If you have children or grandchildren and see them easily navigating their way across multiple digital devices – whether laptops, smartphones, tablets, PCs, smart televisions or game consoles – it's unlikely to come as a surprise to you to learn that just about every single facet of human life is in the process of being disrupted by technology. And, yes, this includes all areas surrounding those twin certainties: death and taxes.

In fact, so inevitable is this disruption that we should no longer even be asking the question of whether it is going to make things better or worse. Instead, we should be looking to ask, since continued disruption is inevitable, how are we going to ensure that other inevitable, such as probate administration, are made better?

Of course, there will be resistance to change. Just as many of us once guffawed at the idea of online banking or internet shopping (who on earth would buy fruit and veg over the internet?), so too we now stand on the edge of a brave new world wondering whether probate, of all areas of legal work, with its imperatives of sensitivity, physical checking and personal involvement, could be ripe for this kind of change.

The answer, of course, is that for lawyers at least it already has begun to progress.

Whether you use Ikoson, Proclaim or some other form of case management software, you are very much now part of the ascendant trend.
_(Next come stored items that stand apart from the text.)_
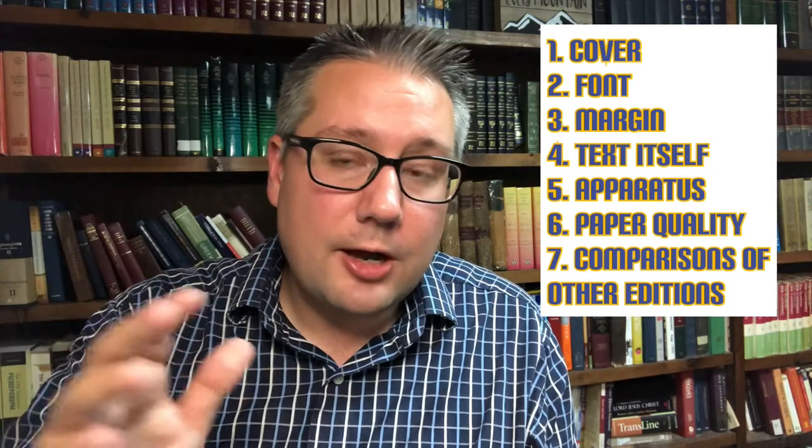I'm going to be reviewing this in six different categories. And then towards the end of the video, I'm going to do a comparison between this one, the hardcover, and the brown cowhide. They're all in the Tyndall Greek New Testament line, but I want to give a comparison so that you can decide which Tyndall Greek New Testament you want to pick up. So stick with me and we'll get into the review.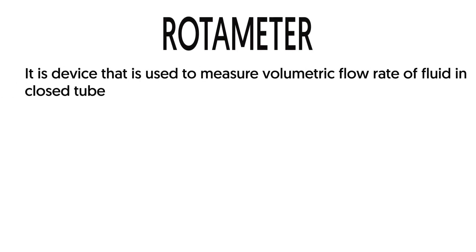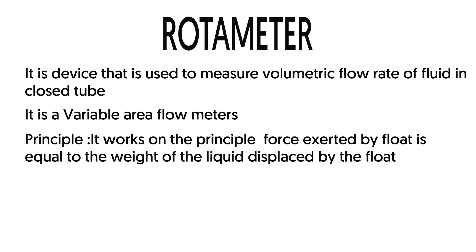In this video we are going to learn about rotameter. It is a device that is used to measure volumetric flow rate of fluid in a closed tube. It works on the principle that the force exerted by the float is equal to the weight of the liquid displaced by the float.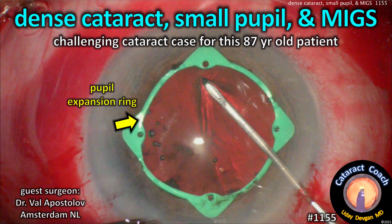CataractCoach.com. Dense cataract, small pupil, and MIGS — a challenging cataract case for this 87-year-old patient.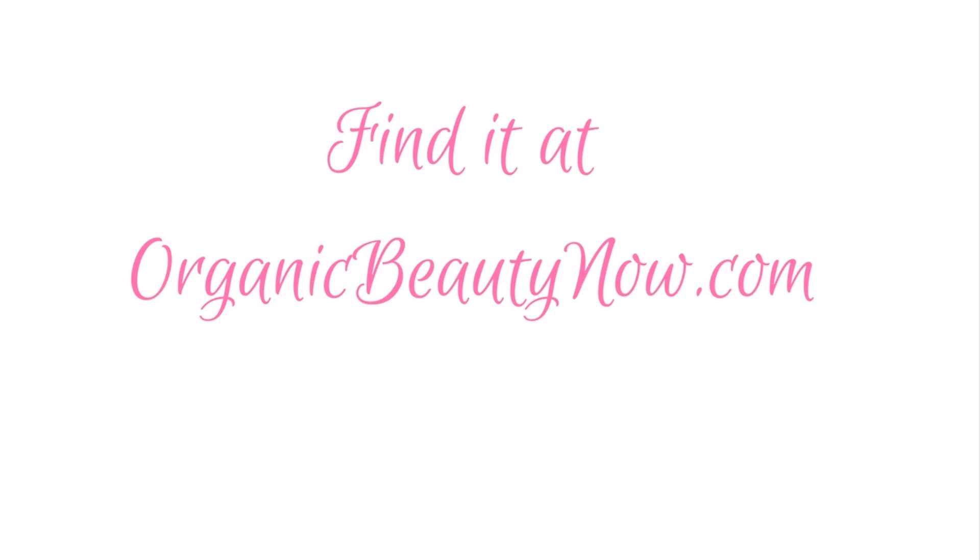Find Pure Glam Volume Root Powder at organicbeautynow.com and subscribe to Style Chicks for more great hair and beauty videos.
For example, Isokon claims to already be in use by 40% of firms doing probate and private client work – with its clients reportedly claiming it has helped them become vastly more profitable.

Similarly, Proclaim sells itself on its ability to reduce the burden wrought by probate work that is "painstaking in character and necessitates heavy document production", all without reducing standards of service.

But what of the client? How do probate clients benefit from the technological disruptions currently flooding the legal market and, when faced with the realities of death and taxes, do they even want it?

The short answer is surely a resounding "yes". Will writing and the business of administering and distributing the assets of deceased people has been happening since the earliest times of man. And one thing is for sure; we are getting better at it.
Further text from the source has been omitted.